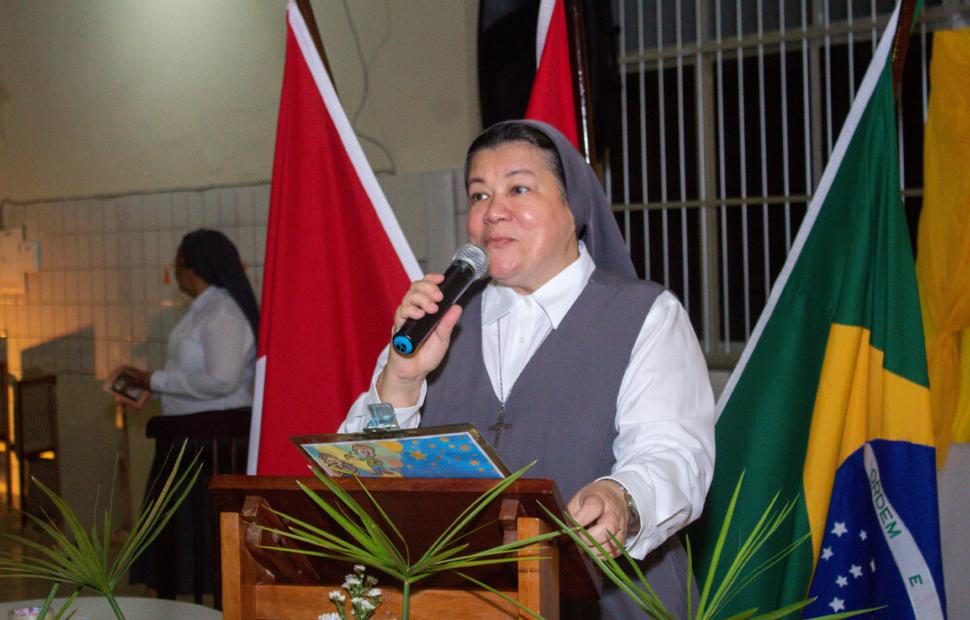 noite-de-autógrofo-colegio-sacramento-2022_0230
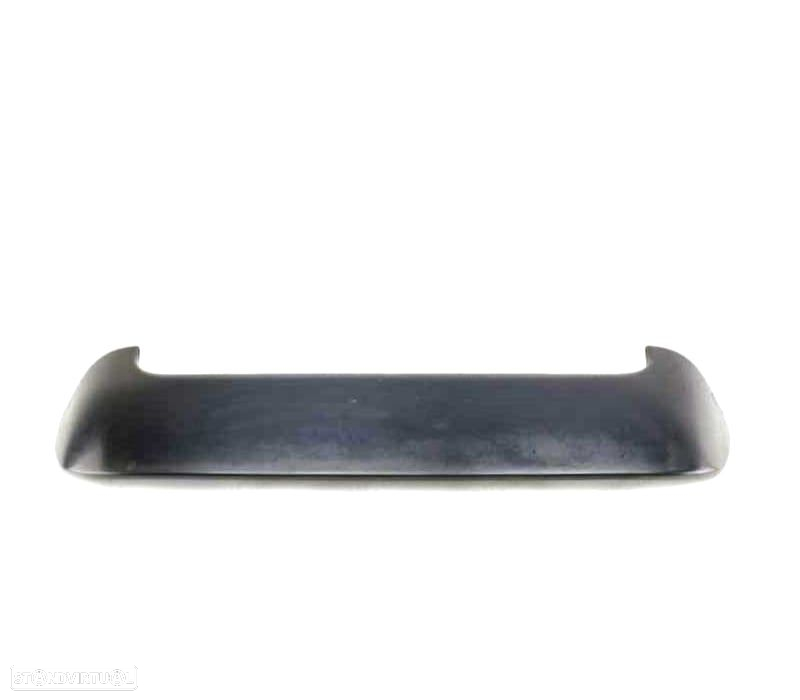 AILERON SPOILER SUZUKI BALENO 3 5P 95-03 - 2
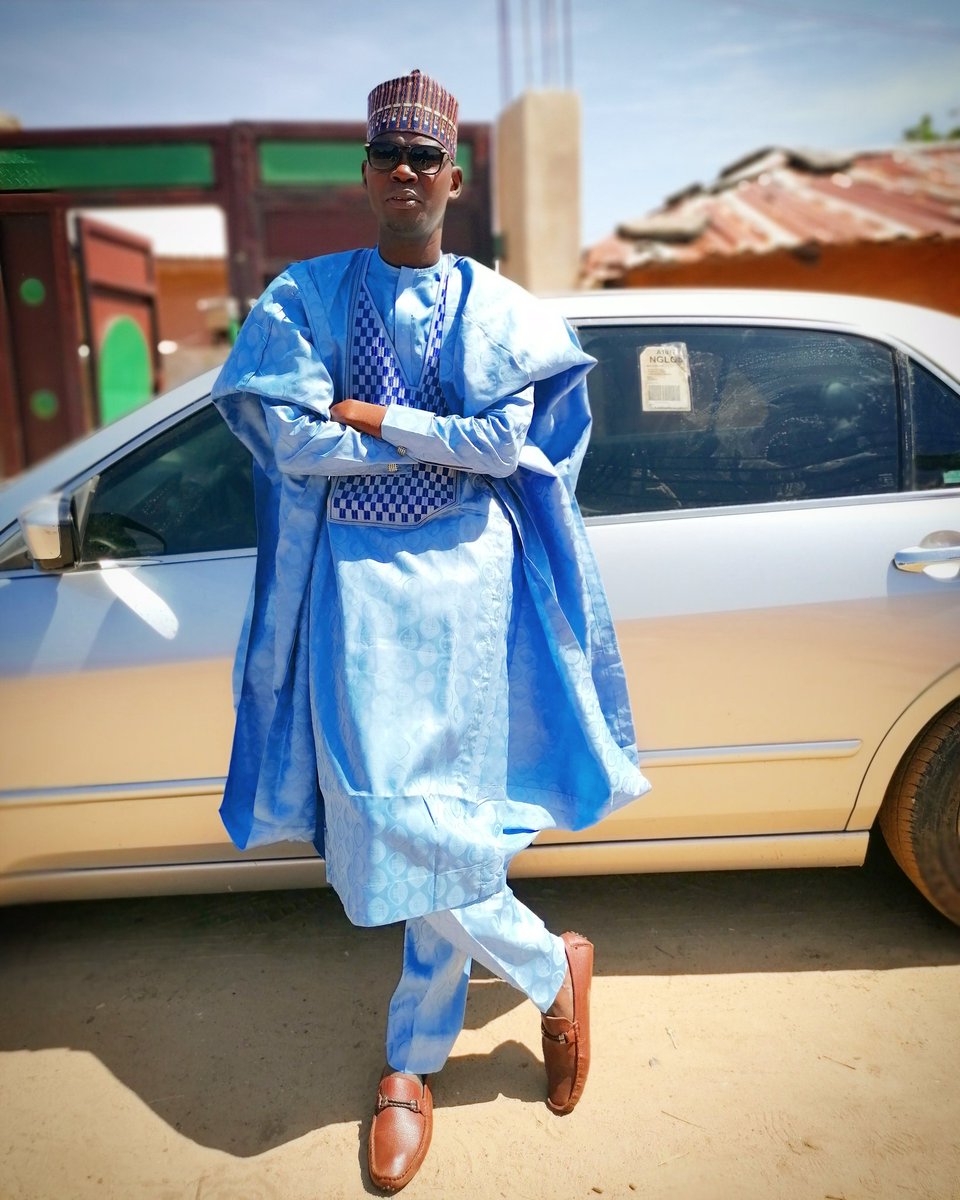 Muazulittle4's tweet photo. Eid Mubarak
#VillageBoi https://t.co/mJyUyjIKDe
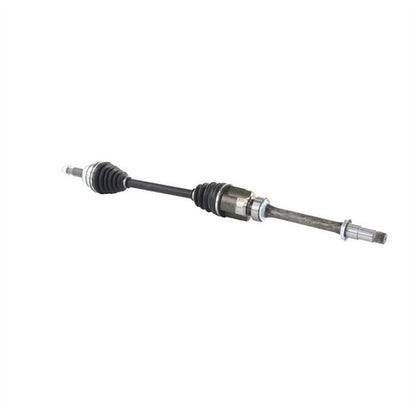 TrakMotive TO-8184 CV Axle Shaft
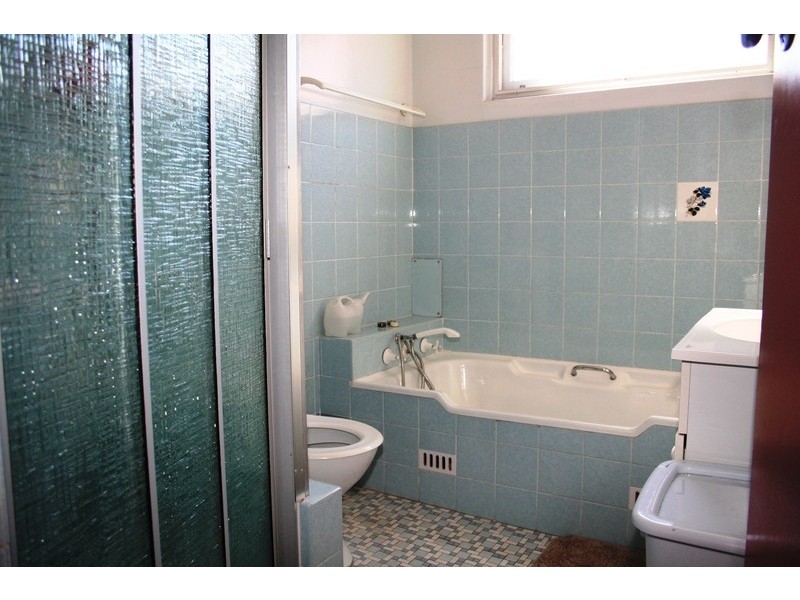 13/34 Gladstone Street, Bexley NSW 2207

========

Give back the full data exactly as it reads, but drop the pictures.

 noite-de-autógrofo-colegio-sacramento-2022_0230
 AILERON SPOILER SUZUKI BALENO 3 5P 95-03 - 2
 Muazulittle4's tweet photo. Eid Mubarak
#VillageBoi https://t.co/mJyUyjIKDe
 TrakMotive TO-8184 CV Axle Shaft
 13/34 Gladstone Street, Bexley NSW 2207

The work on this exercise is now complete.